A tre giornate dal termine, la classifica di Serie A recita una verità inequivocabile: l'Inter ha già festeggiato, ma alle sue spalle si sta giocando una partita che sposta gli equilibri per i prossimi dieci anni. Il Napoli, attualmente secondo a quota 70 punti, ha il dovere di blindare una posizione che non è solo una medaglia al valore per aver resistito a un'annata di infortuni record, ma rappresenta l'ossigeno vitale per le casse del club.

Mai come quest’anno, il concetto di "corsa Champions" assume i contorni di una necessità industriale. Con il nuovo formato a 36 squadre, la UEFA ha ridisegnato la mappa dei ricavi e, paradossalmente, ha reso la sola partecipazione un "paracadute" dorato, anche in caso di cammino claudicante.

L'importanza di esserci

Il nuovo assetto europeo premia la continuità e lo storico, ma garantisce basi solide sin dal fischio d'inizio. Le proiezioni per la prossima stagione parlano chiaro: squadre come Juventus e Roma, in virtù del loro ranking, partirebbero da una base minima di circa 45 milioni di euro anche chiudendo la fase a girone unico all'ultimo posto e senza punti. Per il Napoli, la cifra si attesterebbe su standard simili, leggermente superiori a quelli del Milan (40 milioni) e nettamente più alti rispetto alle "matricole" come il Como (35 milioni).

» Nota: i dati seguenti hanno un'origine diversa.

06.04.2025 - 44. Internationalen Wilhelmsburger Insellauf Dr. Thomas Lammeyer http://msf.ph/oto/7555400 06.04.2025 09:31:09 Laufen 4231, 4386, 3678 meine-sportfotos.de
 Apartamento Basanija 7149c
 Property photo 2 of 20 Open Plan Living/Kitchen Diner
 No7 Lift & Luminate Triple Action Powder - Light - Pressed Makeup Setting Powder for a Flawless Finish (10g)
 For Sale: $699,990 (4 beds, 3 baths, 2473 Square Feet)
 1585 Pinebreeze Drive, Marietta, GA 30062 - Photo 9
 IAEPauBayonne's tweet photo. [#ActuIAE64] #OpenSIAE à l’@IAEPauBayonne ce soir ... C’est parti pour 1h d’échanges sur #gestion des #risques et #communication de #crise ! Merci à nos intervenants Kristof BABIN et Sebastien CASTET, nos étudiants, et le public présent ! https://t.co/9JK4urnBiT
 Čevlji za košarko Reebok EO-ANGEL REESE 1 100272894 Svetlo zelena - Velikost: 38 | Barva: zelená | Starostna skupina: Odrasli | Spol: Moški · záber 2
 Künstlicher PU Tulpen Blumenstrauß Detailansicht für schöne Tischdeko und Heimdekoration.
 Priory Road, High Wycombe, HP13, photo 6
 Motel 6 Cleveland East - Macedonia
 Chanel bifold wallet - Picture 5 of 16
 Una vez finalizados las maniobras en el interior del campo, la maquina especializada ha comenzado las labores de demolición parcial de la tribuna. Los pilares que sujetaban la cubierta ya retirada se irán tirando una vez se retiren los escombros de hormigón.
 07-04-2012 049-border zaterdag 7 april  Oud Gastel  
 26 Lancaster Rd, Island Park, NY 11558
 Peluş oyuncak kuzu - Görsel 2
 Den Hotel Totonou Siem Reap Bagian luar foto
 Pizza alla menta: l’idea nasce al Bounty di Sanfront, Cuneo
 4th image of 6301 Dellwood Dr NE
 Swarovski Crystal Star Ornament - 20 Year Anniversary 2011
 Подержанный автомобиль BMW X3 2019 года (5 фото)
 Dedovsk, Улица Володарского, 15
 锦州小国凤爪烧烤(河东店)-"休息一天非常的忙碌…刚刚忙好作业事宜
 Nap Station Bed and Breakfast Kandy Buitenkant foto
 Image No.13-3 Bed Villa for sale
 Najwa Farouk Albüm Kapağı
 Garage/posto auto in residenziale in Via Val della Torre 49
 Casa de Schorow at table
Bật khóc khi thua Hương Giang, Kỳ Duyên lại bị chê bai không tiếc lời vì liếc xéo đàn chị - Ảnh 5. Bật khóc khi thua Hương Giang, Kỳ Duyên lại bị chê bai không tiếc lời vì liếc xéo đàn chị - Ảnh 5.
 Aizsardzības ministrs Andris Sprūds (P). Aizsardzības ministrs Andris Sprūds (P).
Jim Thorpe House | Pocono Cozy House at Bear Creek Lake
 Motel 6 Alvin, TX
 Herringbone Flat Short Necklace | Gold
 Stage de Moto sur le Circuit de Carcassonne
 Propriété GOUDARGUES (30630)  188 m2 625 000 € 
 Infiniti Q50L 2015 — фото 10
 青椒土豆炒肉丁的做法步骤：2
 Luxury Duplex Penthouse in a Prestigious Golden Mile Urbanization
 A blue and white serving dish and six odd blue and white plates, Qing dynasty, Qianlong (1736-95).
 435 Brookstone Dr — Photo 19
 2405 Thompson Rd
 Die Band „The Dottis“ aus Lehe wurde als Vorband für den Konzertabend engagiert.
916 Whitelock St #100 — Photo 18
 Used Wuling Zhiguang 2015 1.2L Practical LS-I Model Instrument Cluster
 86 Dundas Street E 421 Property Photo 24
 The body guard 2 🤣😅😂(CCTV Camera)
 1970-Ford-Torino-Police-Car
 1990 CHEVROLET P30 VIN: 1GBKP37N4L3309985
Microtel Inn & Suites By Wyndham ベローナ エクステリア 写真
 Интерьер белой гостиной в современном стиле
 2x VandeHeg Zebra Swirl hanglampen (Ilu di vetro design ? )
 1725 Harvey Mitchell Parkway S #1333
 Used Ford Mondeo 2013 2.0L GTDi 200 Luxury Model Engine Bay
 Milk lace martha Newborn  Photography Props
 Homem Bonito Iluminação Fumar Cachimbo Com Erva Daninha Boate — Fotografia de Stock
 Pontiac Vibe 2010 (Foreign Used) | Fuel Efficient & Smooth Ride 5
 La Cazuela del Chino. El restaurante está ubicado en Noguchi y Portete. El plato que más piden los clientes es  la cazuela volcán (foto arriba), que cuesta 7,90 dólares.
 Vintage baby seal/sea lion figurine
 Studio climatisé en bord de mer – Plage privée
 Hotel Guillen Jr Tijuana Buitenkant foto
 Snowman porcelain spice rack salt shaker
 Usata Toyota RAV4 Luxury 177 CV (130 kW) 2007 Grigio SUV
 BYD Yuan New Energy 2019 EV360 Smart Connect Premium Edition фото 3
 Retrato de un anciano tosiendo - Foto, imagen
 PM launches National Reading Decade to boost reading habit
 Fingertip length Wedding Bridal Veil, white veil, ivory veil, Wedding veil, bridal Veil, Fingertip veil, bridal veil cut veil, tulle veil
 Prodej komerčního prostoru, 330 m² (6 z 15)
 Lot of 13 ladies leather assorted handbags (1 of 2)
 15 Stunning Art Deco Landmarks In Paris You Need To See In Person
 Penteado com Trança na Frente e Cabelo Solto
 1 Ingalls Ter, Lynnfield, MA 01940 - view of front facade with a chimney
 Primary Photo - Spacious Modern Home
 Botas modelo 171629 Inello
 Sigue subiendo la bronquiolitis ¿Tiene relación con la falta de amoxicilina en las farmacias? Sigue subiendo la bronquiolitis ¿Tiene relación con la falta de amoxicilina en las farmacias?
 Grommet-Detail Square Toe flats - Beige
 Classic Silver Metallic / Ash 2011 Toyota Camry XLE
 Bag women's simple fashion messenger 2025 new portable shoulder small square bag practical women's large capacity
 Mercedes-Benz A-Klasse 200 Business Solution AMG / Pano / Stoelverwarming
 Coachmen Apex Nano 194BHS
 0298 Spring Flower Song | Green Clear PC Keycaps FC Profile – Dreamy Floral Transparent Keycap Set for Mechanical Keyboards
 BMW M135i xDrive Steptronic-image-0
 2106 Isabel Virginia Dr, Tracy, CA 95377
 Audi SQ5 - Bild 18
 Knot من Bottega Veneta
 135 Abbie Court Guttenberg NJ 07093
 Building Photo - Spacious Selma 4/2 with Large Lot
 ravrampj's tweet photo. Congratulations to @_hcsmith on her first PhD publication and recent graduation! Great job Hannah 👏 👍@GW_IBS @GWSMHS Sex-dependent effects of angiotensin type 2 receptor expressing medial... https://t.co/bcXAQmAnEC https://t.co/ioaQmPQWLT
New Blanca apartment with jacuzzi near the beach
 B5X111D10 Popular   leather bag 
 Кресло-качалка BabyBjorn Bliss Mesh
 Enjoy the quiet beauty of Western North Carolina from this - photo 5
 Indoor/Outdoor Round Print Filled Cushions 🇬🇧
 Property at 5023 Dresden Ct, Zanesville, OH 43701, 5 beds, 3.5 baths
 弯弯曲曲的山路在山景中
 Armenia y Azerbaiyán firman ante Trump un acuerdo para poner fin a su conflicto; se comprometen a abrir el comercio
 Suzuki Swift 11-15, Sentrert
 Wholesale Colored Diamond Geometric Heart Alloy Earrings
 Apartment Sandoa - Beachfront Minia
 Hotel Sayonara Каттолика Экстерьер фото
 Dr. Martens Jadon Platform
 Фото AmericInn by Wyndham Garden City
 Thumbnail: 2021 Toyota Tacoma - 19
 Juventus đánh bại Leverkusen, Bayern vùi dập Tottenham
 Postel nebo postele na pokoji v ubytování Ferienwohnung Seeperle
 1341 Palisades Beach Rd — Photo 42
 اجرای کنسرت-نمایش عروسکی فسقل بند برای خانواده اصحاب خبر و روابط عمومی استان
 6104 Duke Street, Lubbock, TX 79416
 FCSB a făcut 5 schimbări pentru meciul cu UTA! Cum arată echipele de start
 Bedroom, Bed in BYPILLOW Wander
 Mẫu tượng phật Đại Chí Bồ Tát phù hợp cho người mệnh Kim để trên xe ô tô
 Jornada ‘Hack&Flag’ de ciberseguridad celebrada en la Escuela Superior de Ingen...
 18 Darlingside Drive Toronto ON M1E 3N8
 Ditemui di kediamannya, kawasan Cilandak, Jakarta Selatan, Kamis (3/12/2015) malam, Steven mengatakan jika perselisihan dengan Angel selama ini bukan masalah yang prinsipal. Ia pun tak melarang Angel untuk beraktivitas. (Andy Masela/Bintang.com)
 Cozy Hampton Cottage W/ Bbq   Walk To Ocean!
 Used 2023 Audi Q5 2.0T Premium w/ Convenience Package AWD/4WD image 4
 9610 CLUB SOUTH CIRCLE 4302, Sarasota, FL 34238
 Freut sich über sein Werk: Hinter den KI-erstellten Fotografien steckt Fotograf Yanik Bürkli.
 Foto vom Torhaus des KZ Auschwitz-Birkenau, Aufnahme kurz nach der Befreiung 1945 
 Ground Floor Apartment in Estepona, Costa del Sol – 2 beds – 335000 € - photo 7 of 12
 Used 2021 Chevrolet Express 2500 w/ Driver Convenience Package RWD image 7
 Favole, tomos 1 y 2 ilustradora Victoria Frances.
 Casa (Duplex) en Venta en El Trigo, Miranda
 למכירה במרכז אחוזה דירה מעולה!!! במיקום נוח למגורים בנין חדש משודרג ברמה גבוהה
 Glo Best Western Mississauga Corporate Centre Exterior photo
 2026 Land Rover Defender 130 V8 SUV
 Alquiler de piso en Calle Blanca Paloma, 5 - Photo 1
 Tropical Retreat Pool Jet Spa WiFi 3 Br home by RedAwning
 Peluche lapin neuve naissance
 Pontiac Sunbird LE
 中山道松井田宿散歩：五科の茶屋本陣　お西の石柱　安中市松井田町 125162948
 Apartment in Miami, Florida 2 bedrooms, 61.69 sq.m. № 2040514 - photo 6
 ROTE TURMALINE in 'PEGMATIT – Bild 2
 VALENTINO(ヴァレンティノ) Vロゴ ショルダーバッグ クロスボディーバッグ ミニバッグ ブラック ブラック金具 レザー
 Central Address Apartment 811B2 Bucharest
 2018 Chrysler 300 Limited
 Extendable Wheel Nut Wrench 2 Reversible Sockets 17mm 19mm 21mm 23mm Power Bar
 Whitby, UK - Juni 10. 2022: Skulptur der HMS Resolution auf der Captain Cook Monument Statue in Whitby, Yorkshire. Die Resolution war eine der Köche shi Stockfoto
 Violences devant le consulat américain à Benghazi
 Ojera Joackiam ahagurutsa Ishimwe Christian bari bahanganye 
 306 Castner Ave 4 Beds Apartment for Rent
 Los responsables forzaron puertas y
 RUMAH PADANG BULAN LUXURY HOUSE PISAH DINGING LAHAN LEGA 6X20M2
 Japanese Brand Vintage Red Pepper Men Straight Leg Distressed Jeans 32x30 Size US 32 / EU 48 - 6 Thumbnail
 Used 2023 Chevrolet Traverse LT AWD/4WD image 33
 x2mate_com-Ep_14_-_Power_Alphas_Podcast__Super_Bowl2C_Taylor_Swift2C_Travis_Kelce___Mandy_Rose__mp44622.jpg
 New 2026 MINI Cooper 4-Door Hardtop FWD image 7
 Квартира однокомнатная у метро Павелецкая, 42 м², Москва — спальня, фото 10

Ma la vera lezione arriva dalla stagione che si sta chiudendo. Il Napoli, pur uscendo prematuramente con un trentesimo posto nella fase campionato, ha portato a casa circa 50 milioni di euro. Cifre che lievitano esponenzialmente appena si supera lo sbarramento dei playoff: Inter e Juventus, eliminate proprio agli spareggi, hanno incassato rispettivamente 70 e 65 milioni, mentre l'Atalanta si è fermata sulla stessa soglia uscendo agli ottavi.

Un tesoretto per ripartire

Per il club di De Laurentiis, questi 50-60 milioni minimi garantiti rappresentano molto più di un premio: sono la base per il mercato della ricostruzione, quello che dovrà consegnare a Conte una rosa profonda e non più falcidiata dalle emergenze.

Blindare il secondo posto contro Bologna, Udinese e Pisa non serve dunque solo a onorare il centenario del club, ma a dare ossigeno alle casse del club, magari assieme a una sapiente politica di collocamento degli esuberi.